As pilots and caring humans we should all aspire to be more like Bob Hoover. What an incredible person and pilot he was and what an example of a life well lived. (Safe journeys West Bob.) From the young WWII P-51 fighter ace/patriot to early jet test pilot and then amazing airshow genius, he did it all and in an elegant and gracious manner.

“Bob Hoover was so much more than a great pilot. He was a great man and a model for what our community can and should be.”  AOPA’s Mark Baker

To live constantly on the edge of disaster for so many years and die peacefully at 94 bears clear testimony to Bob’s piloting skills and also his risk management acumen. He performed every show with a joy, passion and precision that was unmatched in the industry. He was quoted as saying “Someday I might die in one of these shows. But you know what? It’ll take the mortician a week to get the smile off my face!” Because he pursued excellence in everything he did (but especially flying) Bob survived some incredibly challenging situations; his skill, courage and ingenuity brought him through every crisis.
And though aviation can unfortunately be a business of big egos and “me first” personalities, Bob Hoover was always a gracious and sharing mentor throughout his career. His kindred spirit Sean D. Tucker clearly credits Bob Hoover with saving his life as a result of his early fatherly advice!

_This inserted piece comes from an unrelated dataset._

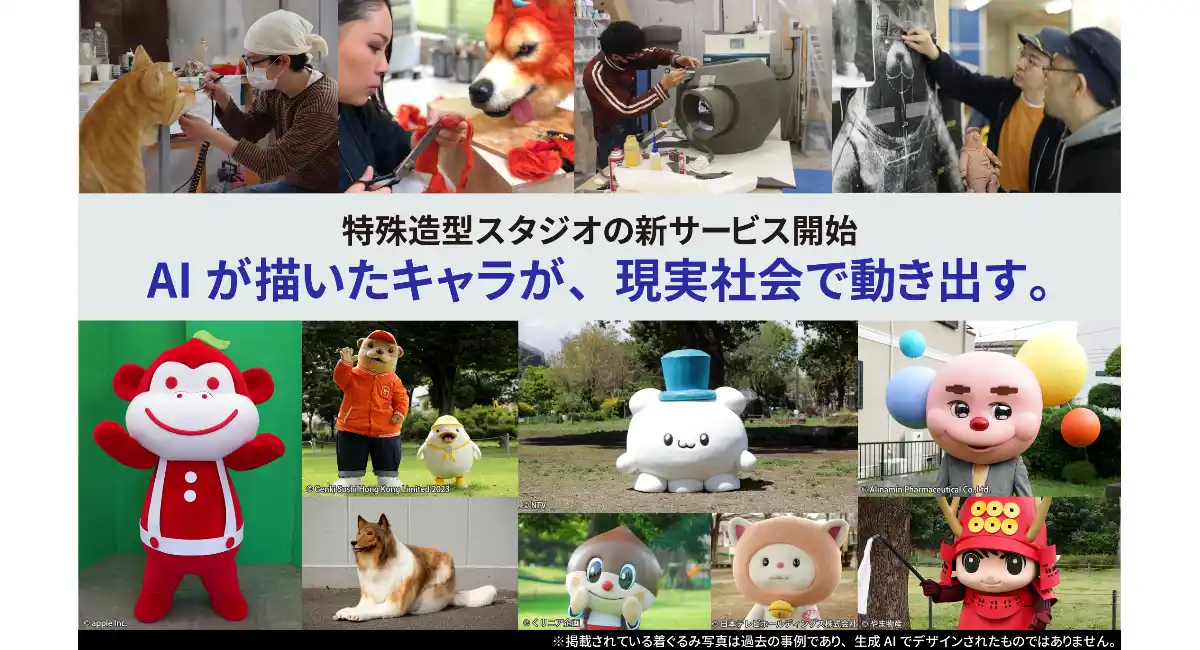 AIが描いたキャラが、現実社会で動き出す。NHKやメジャーキャラ着ぐるみを手がける特殊造型スタジオが、新サービス開始。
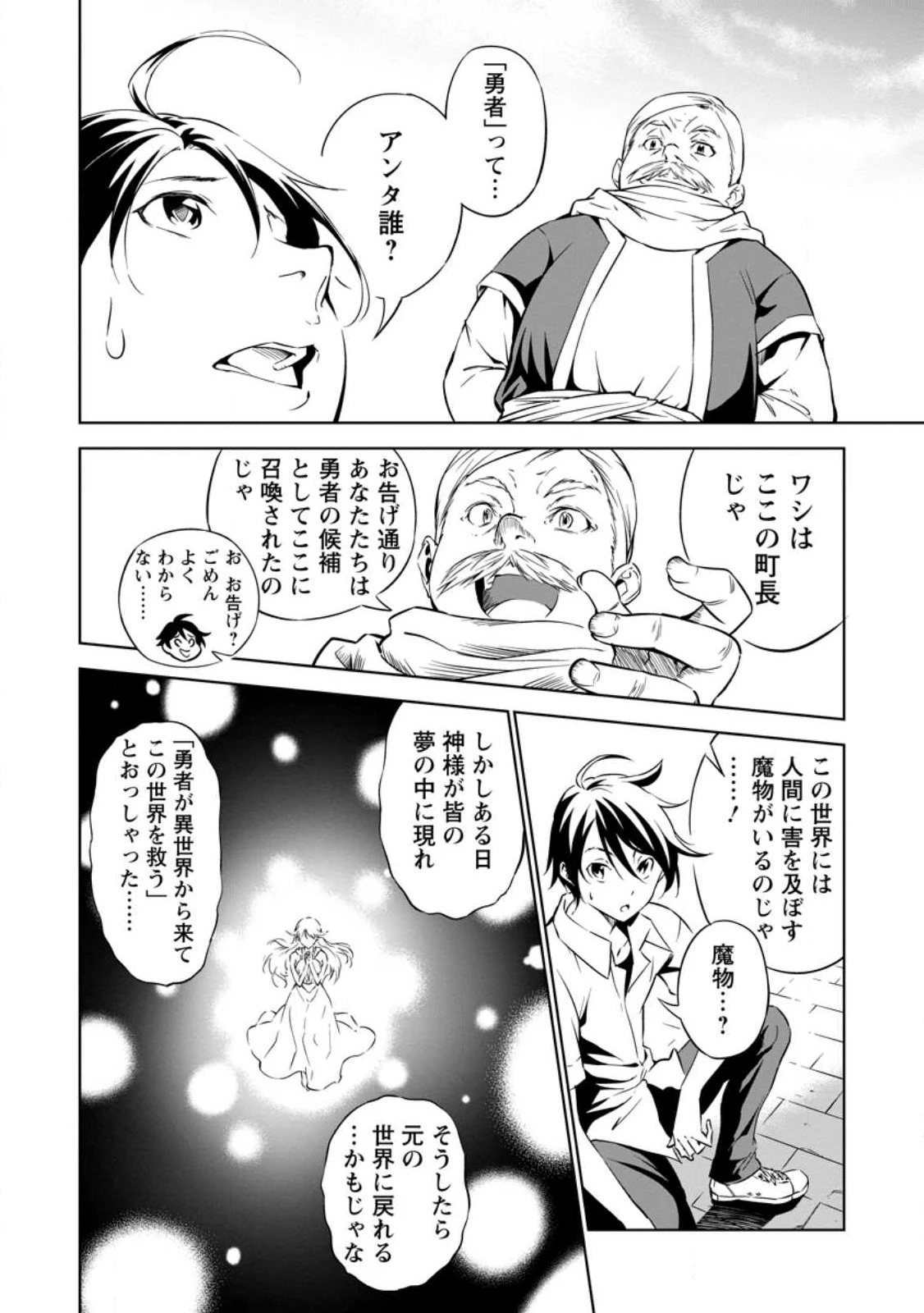 アイテムダンジョン! ～俺だけ創れる異能ダンジョンからはじまる、落ちこぼれたちの英雄譚～ 第1話 - 6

As a younger air show pilot, aggressively pushing the edge, Sean relates how Bob Hoover approached him at an airshow and clearly explained how Sean’s days were limited if he did not build a little more margin into his flying routine. Though not apparent to us mere mortals, Tucker admits this sage (and initially unwelcome) advice saved his life more than once when mechanical issues cropped up unexpectedly. “I would not have made it without him.”
pattywagstaffbobhooverAerobatic performer Patty Wagstaff also cites Bob Hoover as an important mentor and coach throughout her career: “If I wasn’t sure how to handle a situation, I would always think, ‘How would Bob handle that?’ ” Fortunately, aviation at our level involves a lot less risk. But Bob’s example can work for everyone in our flying and our interaction with other pilots.

I would encourage all pilots to aspire to be “more like Bob” both in pursuing excellence and professionalism in every flight AND in promoting safety and keeping watch over our fellow aviators. Please take a page from Bob’s playbook and both build a safety margin into your flying (pursue excellence) and also put a friendly hand on the shoulder of any pilot you see on the road to disaster; “friends don’t let friends fly unsafe!” (How many times have we mumbled the words “accident waiting to happen” but done nothing?) Your better piloting self and mentorship will truly be the best tribute to our amazing friend Bob Hoover!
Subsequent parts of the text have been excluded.